Data for review:
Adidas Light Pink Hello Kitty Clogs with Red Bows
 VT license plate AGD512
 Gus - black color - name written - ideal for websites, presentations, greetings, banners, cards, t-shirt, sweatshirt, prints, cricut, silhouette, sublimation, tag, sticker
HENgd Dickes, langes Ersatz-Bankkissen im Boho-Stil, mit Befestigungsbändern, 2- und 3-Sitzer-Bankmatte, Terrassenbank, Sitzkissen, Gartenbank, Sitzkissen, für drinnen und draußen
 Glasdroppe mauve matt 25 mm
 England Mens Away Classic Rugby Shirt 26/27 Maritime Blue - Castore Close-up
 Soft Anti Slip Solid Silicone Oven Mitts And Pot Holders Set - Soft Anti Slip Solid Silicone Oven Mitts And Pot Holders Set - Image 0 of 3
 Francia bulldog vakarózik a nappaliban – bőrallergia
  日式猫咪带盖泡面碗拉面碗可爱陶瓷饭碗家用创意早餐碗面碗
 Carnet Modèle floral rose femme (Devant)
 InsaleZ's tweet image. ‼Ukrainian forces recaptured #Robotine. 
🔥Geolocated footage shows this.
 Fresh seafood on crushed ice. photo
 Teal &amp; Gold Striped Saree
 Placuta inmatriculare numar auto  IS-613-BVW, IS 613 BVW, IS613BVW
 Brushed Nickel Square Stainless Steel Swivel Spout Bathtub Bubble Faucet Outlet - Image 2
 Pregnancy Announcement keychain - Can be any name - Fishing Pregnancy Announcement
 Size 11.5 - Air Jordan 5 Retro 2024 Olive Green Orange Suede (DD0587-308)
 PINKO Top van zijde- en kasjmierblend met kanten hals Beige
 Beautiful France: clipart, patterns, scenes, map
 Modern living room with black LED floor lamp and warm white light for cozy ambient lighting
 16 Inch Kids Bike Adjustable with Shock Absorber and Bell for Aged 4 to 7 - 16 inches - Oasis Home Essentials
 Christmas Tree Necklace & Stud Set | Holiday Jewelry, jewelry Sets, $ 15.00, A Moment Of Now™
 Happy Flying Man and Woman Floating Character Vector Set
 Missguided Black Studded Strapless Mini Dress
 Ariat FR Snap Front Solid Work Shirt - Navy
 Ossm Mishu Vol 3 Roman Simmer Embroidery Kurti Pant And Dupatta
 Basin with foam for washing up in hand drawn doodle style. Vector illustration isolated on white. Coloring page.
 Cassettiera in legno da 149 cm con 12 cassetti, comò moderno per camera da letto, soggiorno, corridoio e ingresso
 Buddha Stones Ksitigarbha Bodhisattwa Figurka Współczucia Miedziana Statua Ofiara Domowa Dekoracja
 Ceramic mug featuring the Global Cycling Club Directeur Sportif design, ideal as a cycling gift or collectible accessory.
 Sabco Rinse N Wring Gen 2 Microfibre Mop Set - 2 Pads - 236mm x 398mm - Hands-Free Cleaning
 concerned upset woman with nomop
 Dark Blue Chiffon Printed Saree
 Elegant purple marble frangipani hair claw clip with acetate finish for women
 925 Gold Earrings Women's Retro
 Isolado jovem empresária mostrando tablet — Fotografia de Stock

Description of the task: Quote exactly the first line of the data and every line after it through the one holding "Carnet Modèle floral rose femme (Devant)".

Exercise response:
Adidas Light Pink Hello Kitty Clogs with Red Bows
 VT license plate AGD512
 Gus - black color - name written - ideal for websites, presentations, greetings, banners, cards, t-shirt, sweatshirt, prints, cricut, silhouette, sublimation, tag, sticker
HENgd Dickes, langes Ersatz-Bankkissen im Boho-Stil, mit Befestigungsbändern, 2- und 3-Sitzer-Bankmatte, Terrassenbank, Sitzkissen, Gartenbank, Sitzkissen, für drinnen und draußen
 Glasdroppe mauve matt 25 mm
 England Mens Away Classic Rugby Shirt 26/27 Maritime Blue - Castore Close-up
 Soft Anti Slip Solid Silicone Oven Mitts And Pot Holders Set - Soft Anti Slip Solid Silicone Oven Mitts And Pot Holders Set - Image 0 of 3
 Francia bulldog vakarózik a nappaliban – bőrallergia
  日式猫咪带盖泡面碗拉面碗可爱陶瓷饭碗家用创意早餐碗面碗
 Carnet Modèle floral rose femme (Devant)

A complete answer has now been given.